Gentilly (/fr/), known as Saint-Édouard-de-Gentilly until 1900, is a village now part of Bécancour, Quebec, Canada. It is one of the major population centres within Bécancour's extensive territory, with 1,673 inhabitants counted in Gentilly at the 2016 population census.

The village is home to a traditionally French-speaking population and hosts the famous yearly Potirothon. While Gentilly is a small town, it has all the essential services and a warm/welcoming community. The Parc Regional de la Rivière Gentilly is close to town and offers hiking, camping, mountain biking and kayaking. It is also in proximity to the Parc Industriel de Bécancour where most industries are involved in manufacturing. Among these is the Gentilly Nuclear Generating Station, decommissioned in 2012.

==History==
In 1647 the Company of New France, or Company of One Hundred Associates (Compagnie des Cent-Associés) as it was more commonly known, sold two fiefs to Nicolas Marsolet and Pierre Lefebvre on the shores of the Saint-Lawrence River and the Gentilly River. In 1668 Pierre Lefebvre gave his fief title to his son-in-law Félix Thunès (Sieur Dufresne) who held it until 1669 when it was to Michel Pelletier (Sieur de Laprade). The same year Pelletier got Intendant Bouterouse to grant him a parcel of land bordering Nicolas Marsolet's fief. In 1671 Marsolet also sold his fief to Michel Pelletier, who now owned a parcel of land along about 10 km of coastline on the Saint Lawrence and reached 8 km inland. This was the land on which Gentilly would be established. In 1683, these three land concessions gained the status "seigneurie des Poissons". The Seigneurie de Gentilly was surveyed in March 1735, and the territory then became a parish in 1784. The town was named Saint-Édouard-de-Gentilly after Gentilly, Val-de-Marne, in France.

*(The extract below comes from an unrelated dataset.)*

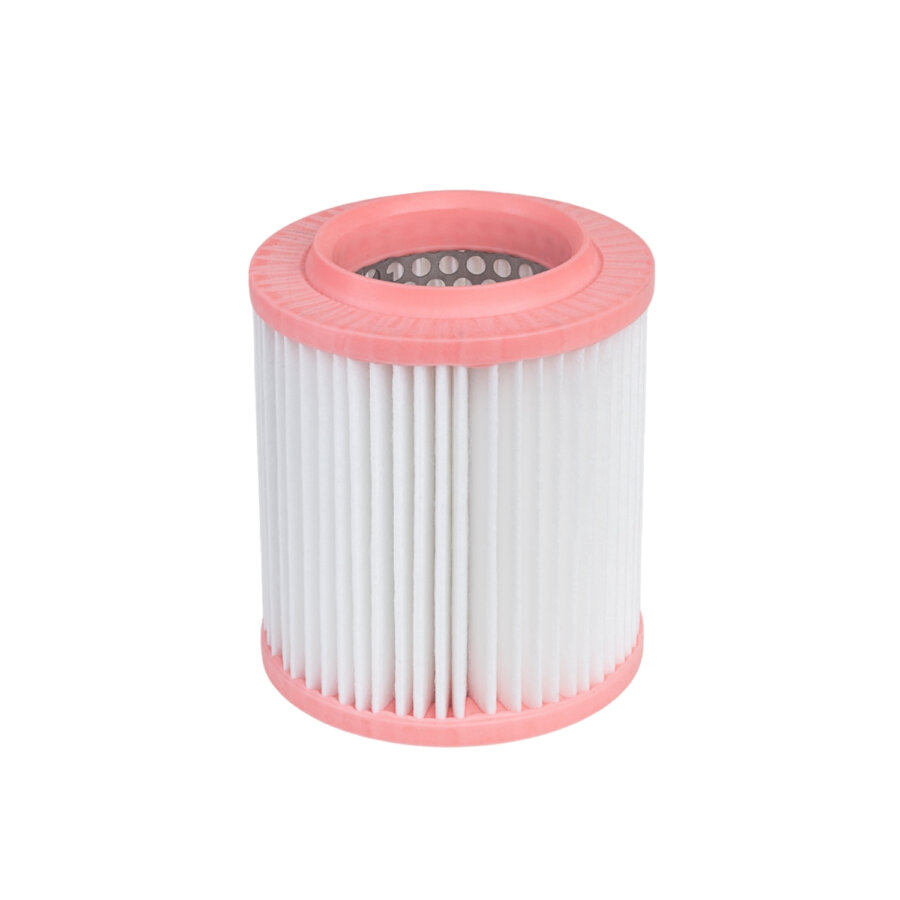 Filtro aria PURFLUX A1907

On 10 April 1900, the parish of Saint-Édouard-de-Gentilly was broken up, and the town became an independent village, taking on the shorter name of Gentilly. On 17 October 1965 Gentilly was merged into the municipality of Bécancour and has been part of it since.

==Notable people==
- Denis Villeneuve - film director and writer
- Lucien Dubois - member of House of Commons of Canada; author of "The History of Gentilly (1935)"
- Pépé et sa Guitare - musician
- Céline Baril - artist and film director

== Demographics==
Of the resident population, 78.3% (1 310) speak only French, and 21.7% are bilingual in French and English.